原発放射能漏れで来日中止:朝日の報道姿勢

 たまたま、夕方、ネットニュースに、「イタリア・セリエAカターニアが、予定していた来日を中止した」というマスコミ各社の報道が並んでいた。何気なく読んで気になったので、それらの記事を全て開いてみたところ、やはりあることに気が付いた。少し煩雑で申し訳ないのだが、夕方、ネットニュースに並んでいた記事の比較に、少しだけつきあってほしい。
 ○ニュースの要点については、ロイターが、次のように、簡潔に報じている。
 サッカー=カターニアが親善試合の来日中止、原発トラブル懸念で (ロイター 7/25.09:05)「7月24日、サッカーのイタリア・セリエA新潟県中越沖地震による東京電力柏崎刈羽原子力発電所からの放射能漏れを理由に親善試合の来日を中止」。
 このニュースには二つのポイントがある。来日が中止になったという事実の報道と、「地震による原発からの放射能洩れ」への「懸念」がその「理由」だという報道である。
 後者に焦点を当てて、他の記事も見てみよう。
 ○産経は、私が見た時点ではまだ中止決定前の共同の配信(共同 7/21,10:26)になっていたが、基本的には全く同じで、カターニアが、「新潟県中越沖地震による放射能漏れなどの影響を懸念して」中止を検討中だとしている。
 ○毎日の署名入り中止決定報道には、その後の経緯も加えられているが、これも基本スタンスは変わりない。(毎日 7/24,20:36)「中越沖地震直後に柏崎刈羽原発で微量の放射能を含む水が漏れたニュースがイタリアで報道され、カターニア側が懸念を示し延期を要望したという。主催者側は安全性に問題のないことを説明したが受け入れられず、日程調整も難しいことから中止を決めた」。

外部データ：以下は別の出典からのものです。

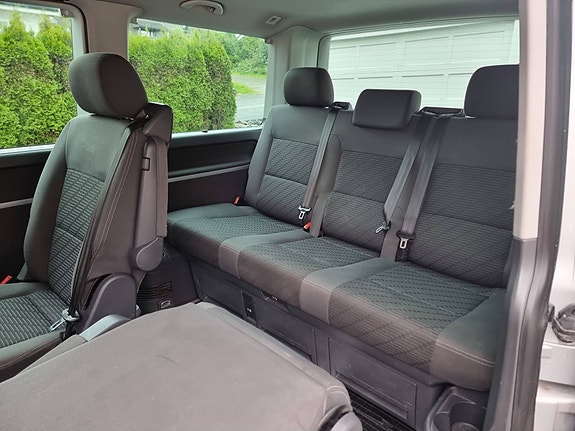 Volkswagen Multivan 16 of 30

 ○くどくて申し訳けないが、読売も、基本的に同じである。(読売 7/24,19:30)「カターニアが、新潟県中越沖地震により柏崎刈羽原子力発電所から放射能漏れが起きたことを理由に来日を中止、(中略)。今回の遠征を企画した会社が、在日イタリア大使館関係者とともに、安全には問題がないことを説明したが、カターニアのクラブ内から反対の声が多く出たという。」
 以上、全て、地震による原発放射能洩れ」に対してカターニア側が「懸念」をもち、それを「理由」に来日中止を決定。主催者側では安全だと「説明」したが「受け入れられなかった」、という流れに乗っている。
 ○ところが、朝日は違うのである。これは全文を引用する。
 セリエAカターニアが来日中止 柏崎原発事故を理由に (朝日7/24,18:27)「日本各地で7月末から親善試合を予定していたサッカー・イタリア1部リーグ(セリエA)のカターニアの来日中止が24日、試合事務局などから発表された。カターニアが、新潟県中越沖地震による東京電力柏崎刈羽原発のトラブルで事実を誤認、現実以上に深刻に受け止め中止となった。
 カターニアは30日に秋田市横浜FC戦、8月1日に静岡県磐田市で磐田戦、同5日に千葉市で千葉戦を予定していた。だが原発の問題がイタリアで繰り返し報道され、19日に来日中止を伝えてきたという。事務局側は「報道で放射能が漏れて1万人が避難している、と誤って受け取ったようだ。事実とは違うとイタリア大使館なども通じて説得したが、特に選手の親の反発が強かった」と話した。前売り券は払い戻される。カターニアにはFW森本貴幸選手が所属している。」
 1)ロイター、産経=共同、毎日、読売では、全て「地震による原発放射能洩れ」となっているが、朝日では、「原発トラブル」と、曖昧化されている。 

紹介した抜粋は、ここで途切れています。